- [EXERCISE DIRECTIONS]: Please repeat the data exactly. Any picture in it stays out.

- [DATA SECTION]:
---+---

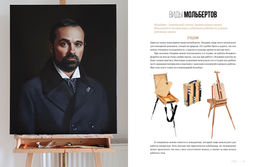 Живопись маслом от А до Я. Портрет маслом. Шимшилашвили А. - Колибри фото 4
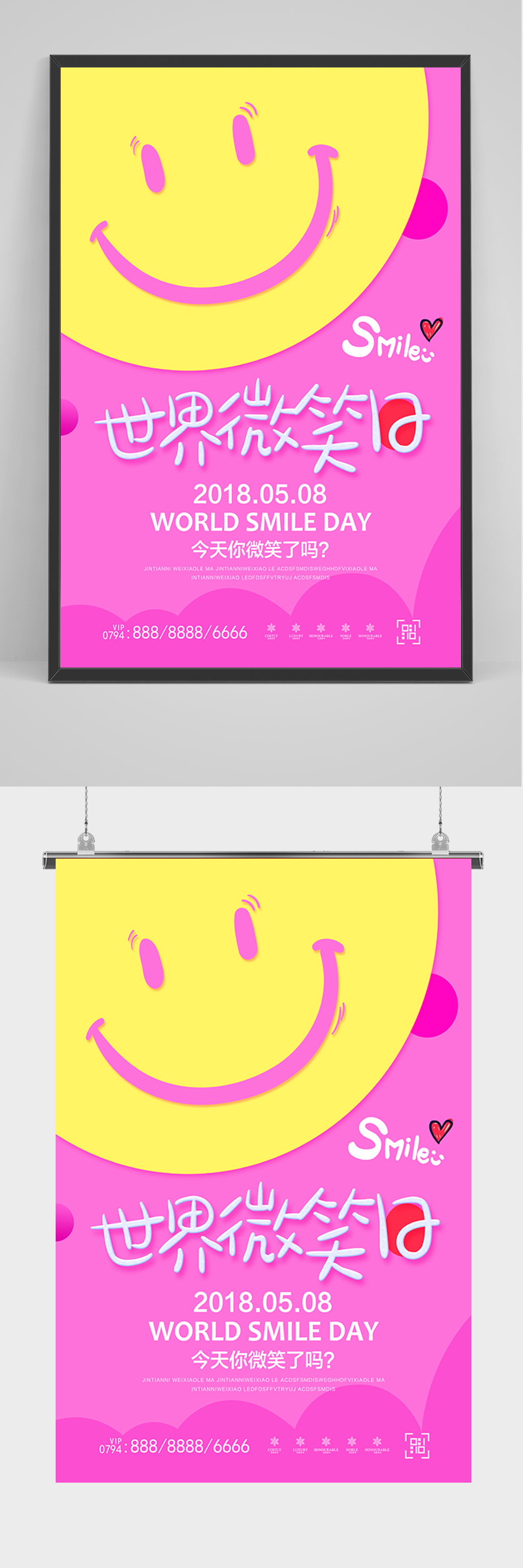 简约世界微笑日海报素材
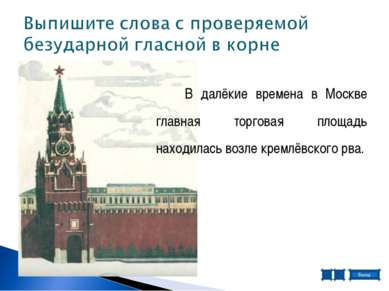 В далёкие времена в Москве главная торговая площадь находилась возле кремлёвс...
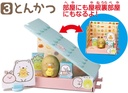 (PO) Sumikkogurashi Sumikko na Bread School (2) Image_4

---+---

- [WRITTEN SOLUTION]:
 Живопись маслом от А до Я. Портрет маслом. Шимшилашвили А. - Колибри фото 4
 简约世界微笑日海报素材
 В далёкие времена в Москве главная торговая площадь находилась возле кремлёвс...
 (PO) Sumikkogurashi Sumikko na Bread School (2) Image_4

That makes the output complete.